WASHINGTON (AP) — While candidates stump in Iowa, voters already have opened the 2008 presidential race by casting absentee ballots in nearly a dozen other states.

Iowa's first-in-the-nation caucuses are Thursday. But residents of 11 states — Alabama, Delaware, Florida, Georgia, Illinois, Michigan, Missouri, New Hampshire, New Jersey, South Carolina and Utah — have been able to vote for their favorite candidates since December.

The first was Michigan, where absentee ballots were made available Dec. 1 for the Jan. 15 primary.

Requests are high so far.

"We're burning through a lot of OT in my office," said Lansing, Mich., Clerk Chris Swope, who estimated that three or four employees have been working two to three hours a night to keep up with absentee applications.

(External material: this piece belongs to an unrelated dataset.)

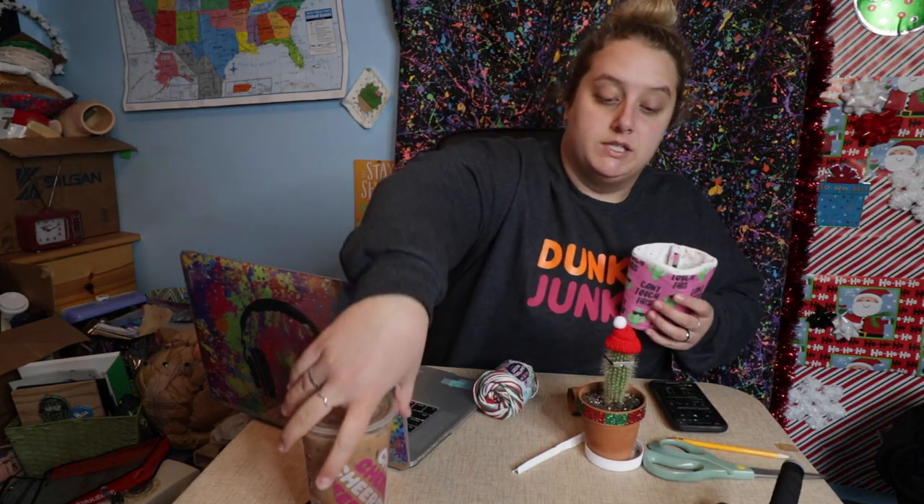That's my whole crafting bin back there and let me tell you the crafting bin is exploding. Christmas time does something to this cat because he is dipping and dodging out of here trying to get to the wrapping paper, the ribbons, the bows — he loves all that stuff.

Absentee voting expands to a majority of the country in January. Sixteen other states make ballots available to their voters before the end of the month, including delegate-rich California on Jan. 7.

Nearly 4 million voters in California are signed up as "permanent absentee voters," meaning early ballots for the primaries will automatically pop up in their mailboxes. In 2004, about a third of the state's primary ballots were cast early. In 2006, the figure was 47 percent.

The surge in absentee voting has caught the attention of the candidates.

On Thursday, caucus day in Iowa, GOP contender Rudy Giuliani plans to be in Florida, where more than a third of the state's voters cast early ballots in the 2004 general election. Absentee ballots have been available there since the day after Christmas for the Jan. 29 primary.

Spokeswoman Katie Levinson said Giuliani is also focused on Illinois and Missouri, which vote Feb. 5. In Missouri, absentee ballots also have been available since Dec. 26, while Illinois absentee ballots became available the next day.

Still, no one knows how many people actually will vote absentee this year.

In Jackson County, Mo., which includes most of Kansas City, election director Bob Nichols said early absentee turnout appears to be a little below average.

"With the holidays falling at this time, that also has an impact of people not taking time out at this point," Nichols said. "They don't have that interest — they're shopping or partying."